■ **Exercise**: All of the data below must be reproduced word for word, but without its images.

((

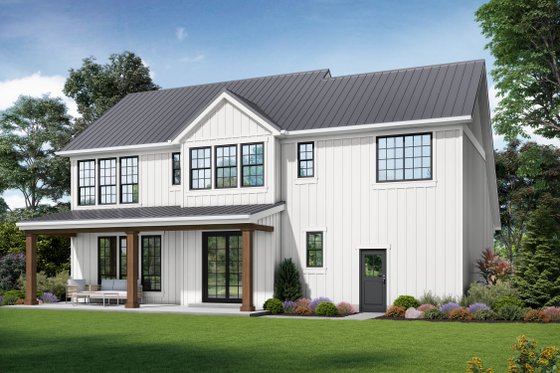 Exterior - Rear Elevation for Contemporary House Plan #48-986 - 4 bed, 2.5 bath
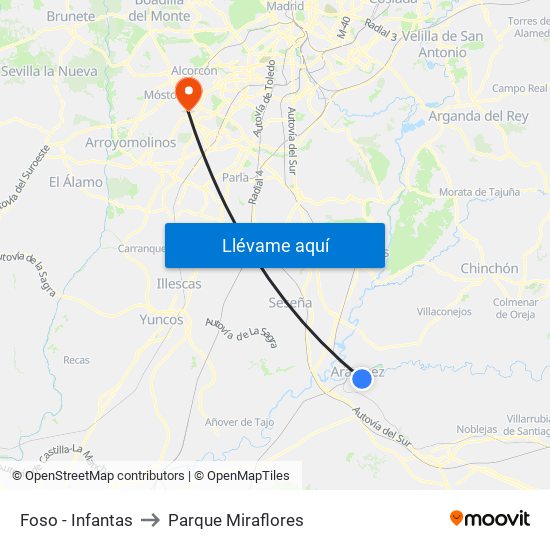 Foso - Infantas to Parque Miraflores map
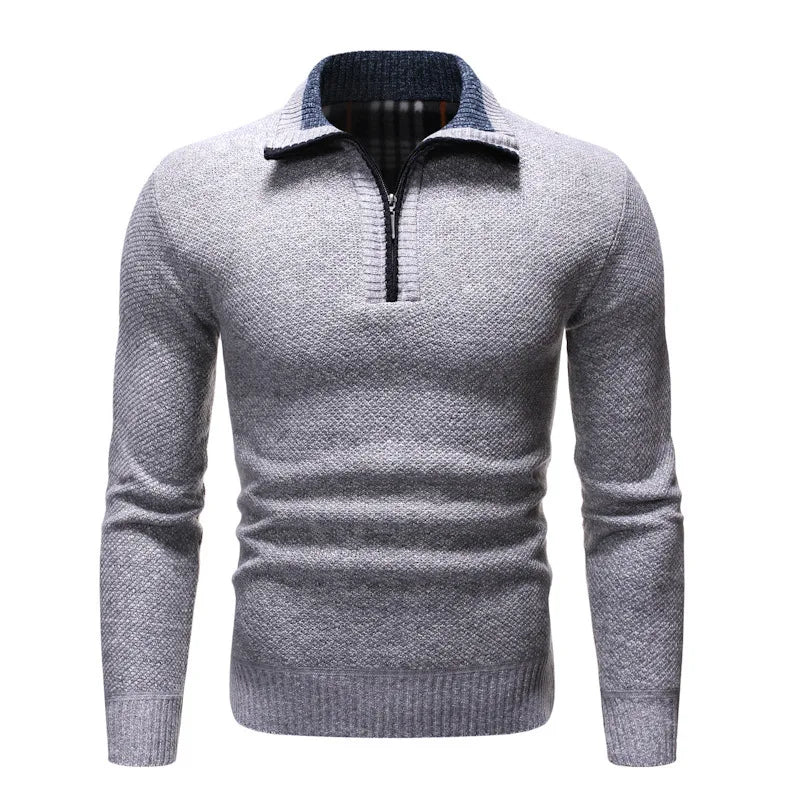 Autumn Winter Casual Sweaters Men Half High Collar Zippers Warm Fleece Pullovers Mens Thick Warm Knitted Sweater Men Pullovers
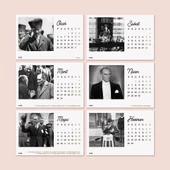 2026 Atatürk Masa Takvimi | Doğal Ahşap Tabanlı Masaüstü Takvimi thumbnail 3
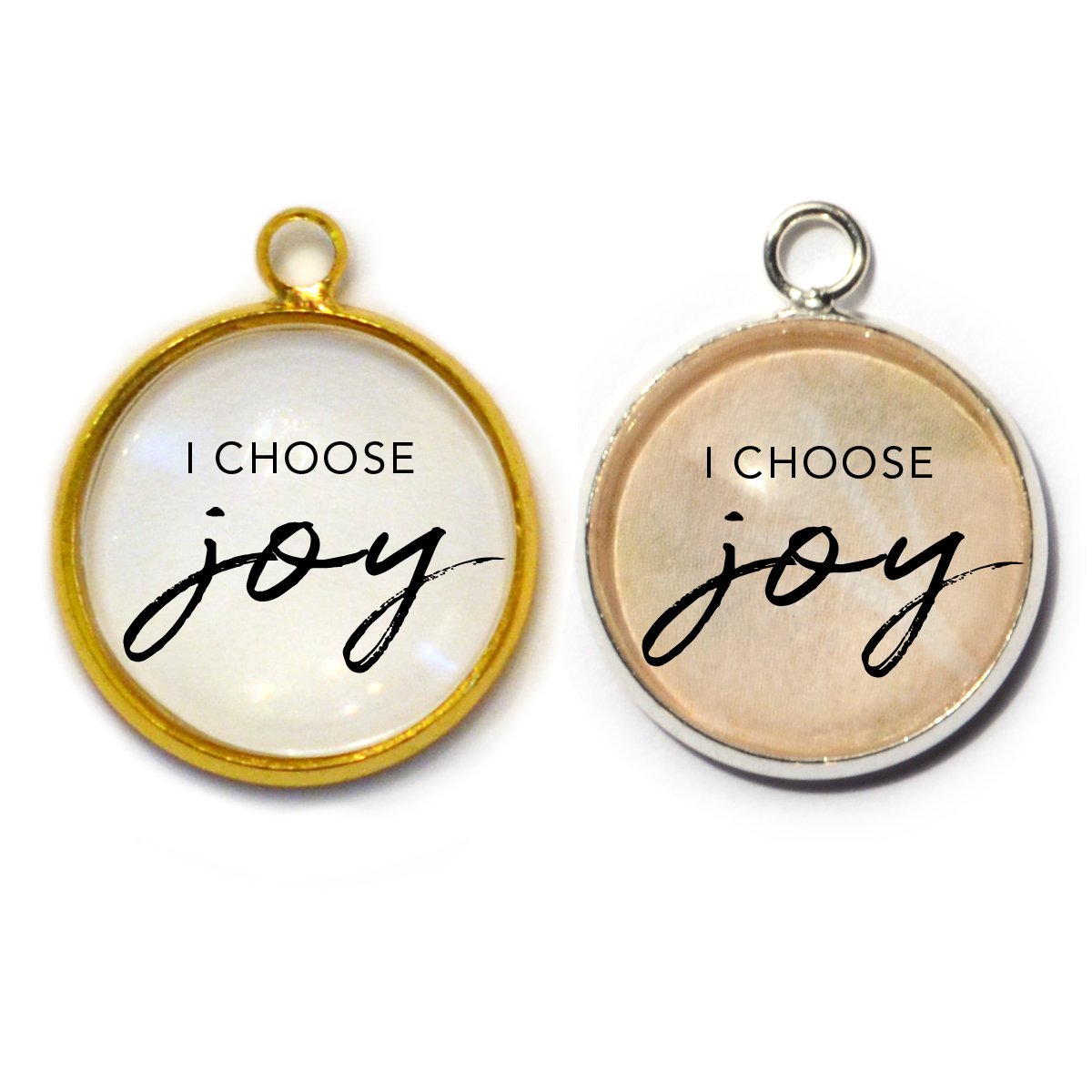 I Choose Joy – Glass Charm for Jewelry Making, 16 or 20mm, Silver,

))

■ **Written solution**:
 Exterior - Rear Elevation for Contemporary House Plan #48-986 - 4 bed, 2.5 bath
 Foso - Infantas to Parque Miraflores map
 Autumn Winter Casual Sweaters Men Half High Collar Zippers Warm Fleece Pullovers Mens Thick Warm Knitted Sweater Men Pullovers
 2026 Atatürk Masa Takvimi | Doğal Ahşap Tabanlı Masaüstü Takvimi thumbnail 3
 I Choose Joy – Glass Charm for Jewelry Making, 16 or 20mm, Silver,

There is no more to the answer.